**Task details:**
Where a picture appears, leave it out, and transcribe all the lines below exactly.

**Material provided:**
|---|
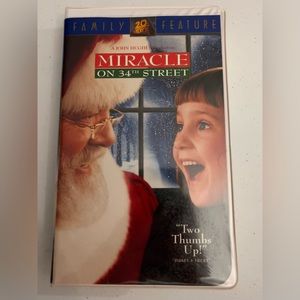 Miracle on 34th Street Christmas VHS Movie
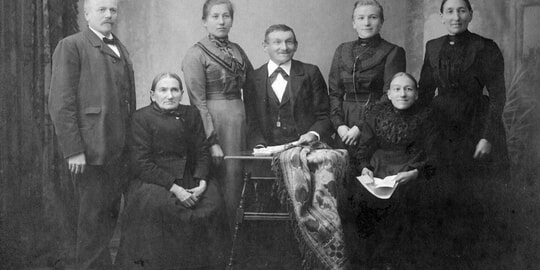 FAMILIENFORSCHER-STAMMTISCH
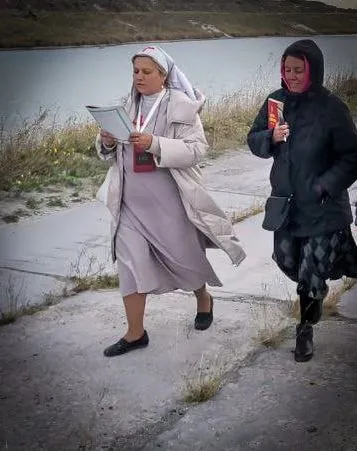 ’’Виганяли бісів’’: в окупованому Маріуполі віруючі РПЦ влаштували ’’хресний хід’’ навколо ’’Азовсталі’’. Фото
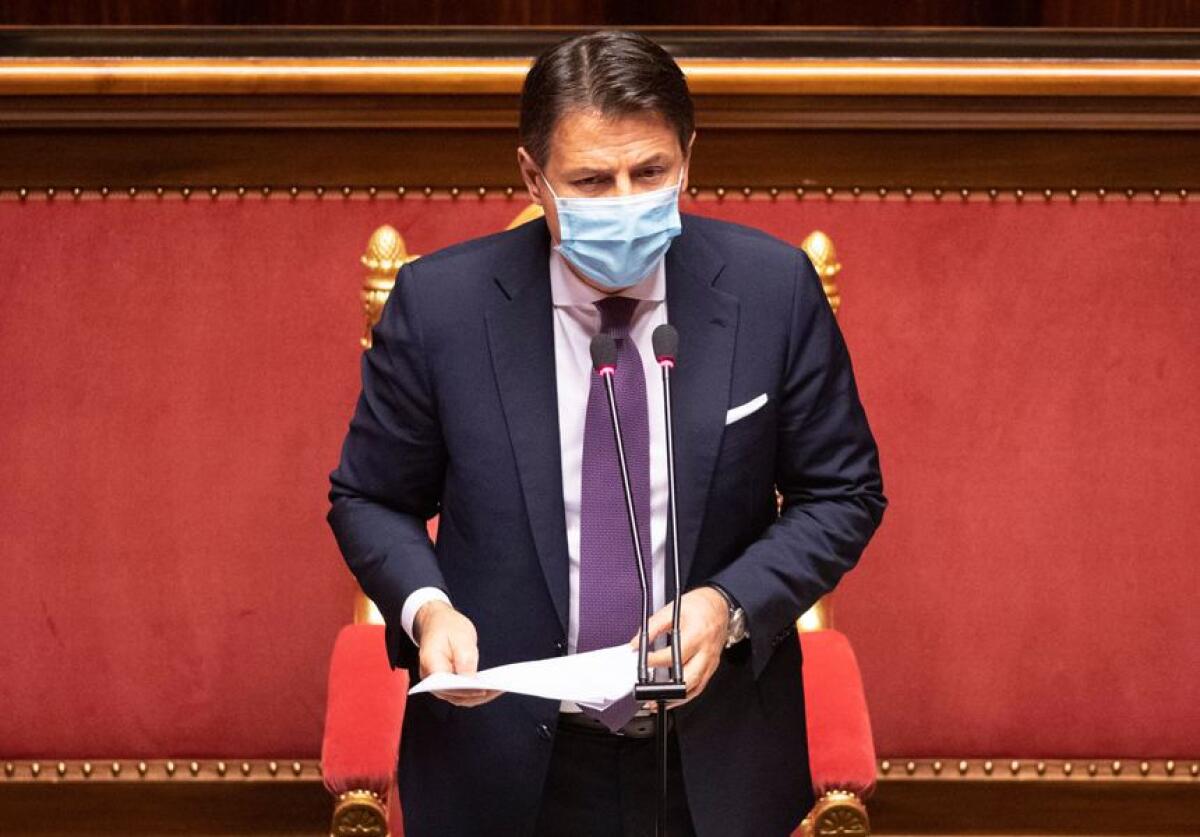 Conte: il limite di capienza dei mezzi pubblici tornerà al 50% -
|---|
**Response:**
 Miracle on 34th Street Christmas VHS Movie
 FAMILIENFORSCHER-STAMMTISCH
 ’’Виганяли бісів’’: в окупованому Маріуполі віруючі РПЦ влаштували ’’хресний хід’’ навколо ’’Азовсталі’’. Фото
 Conte: il limite di capienza dei mezzi pubblici tornerà al 50% -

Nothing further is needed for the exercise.